Task statement - Every line with the string "Black" should be copied from the data.

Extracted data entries

***

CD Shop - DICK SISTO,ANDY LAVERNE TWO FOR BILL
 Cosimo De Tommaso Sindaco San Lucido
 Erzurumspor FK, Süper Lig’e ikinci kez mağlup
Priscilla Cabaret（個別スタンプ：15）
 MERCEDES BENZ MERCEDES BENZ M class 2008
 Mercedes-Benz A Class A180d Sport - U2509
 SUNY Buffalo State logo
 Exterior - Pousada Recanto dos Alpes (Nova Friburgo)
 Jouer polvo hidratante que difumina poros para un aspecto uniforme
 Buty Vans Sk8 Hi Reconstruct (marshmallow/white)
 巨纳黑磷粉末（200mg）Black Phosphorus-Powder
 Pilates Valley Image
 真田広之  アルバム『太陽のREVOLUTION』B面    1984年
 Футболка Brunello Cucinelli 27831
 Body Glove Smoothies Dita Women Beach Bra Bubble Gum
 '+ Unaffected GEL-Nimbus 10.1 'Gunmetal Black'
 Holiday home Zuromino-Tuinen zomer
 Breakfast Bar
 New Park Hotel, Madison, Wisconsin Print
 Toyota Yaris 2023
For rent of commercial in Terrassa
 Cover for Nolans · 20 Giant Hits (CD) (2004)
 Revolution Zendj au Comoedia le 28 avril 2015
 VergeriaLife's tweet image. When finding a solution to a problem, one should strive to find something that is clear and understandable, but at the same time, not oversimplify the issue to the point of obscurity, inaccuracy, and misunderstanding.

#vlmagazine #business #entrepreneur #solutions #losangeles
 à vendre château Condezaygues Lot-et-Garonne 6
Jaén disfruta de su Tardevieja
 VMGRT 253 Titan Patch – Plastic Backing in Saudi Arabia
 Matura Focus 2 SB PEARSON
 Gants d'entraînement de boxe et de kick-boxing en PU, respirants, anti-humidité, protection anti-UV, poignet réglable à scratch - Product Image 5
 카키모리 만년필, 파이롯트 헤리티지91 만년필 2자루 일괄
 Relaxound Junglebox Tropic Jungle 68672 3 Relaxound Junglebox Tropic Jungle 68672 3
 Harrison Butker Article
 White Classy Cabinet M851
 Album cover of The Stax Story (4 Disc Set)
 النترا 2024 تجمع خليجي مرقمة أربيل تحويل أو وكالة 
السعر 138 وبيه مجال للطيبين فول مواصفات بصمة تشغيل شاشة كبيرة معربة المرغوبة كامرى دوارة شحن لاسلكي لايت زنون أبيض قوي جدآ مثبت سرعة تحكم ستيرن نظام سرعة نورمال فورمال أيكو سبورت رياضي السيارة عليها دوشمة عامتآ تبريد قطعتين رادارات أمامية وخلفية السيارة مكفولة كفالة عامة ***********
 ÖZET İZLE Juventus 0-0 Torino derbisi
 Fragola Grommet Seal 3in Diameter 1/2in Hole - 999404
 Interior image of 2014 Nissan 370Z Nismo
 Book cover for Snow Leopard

***

Your solution -
 巨纳黑磷粉末（200mg）Black Phosphorus-Powder
 '+ Unaffected GEL-Nimbus 10.1 'Gunmetal Black'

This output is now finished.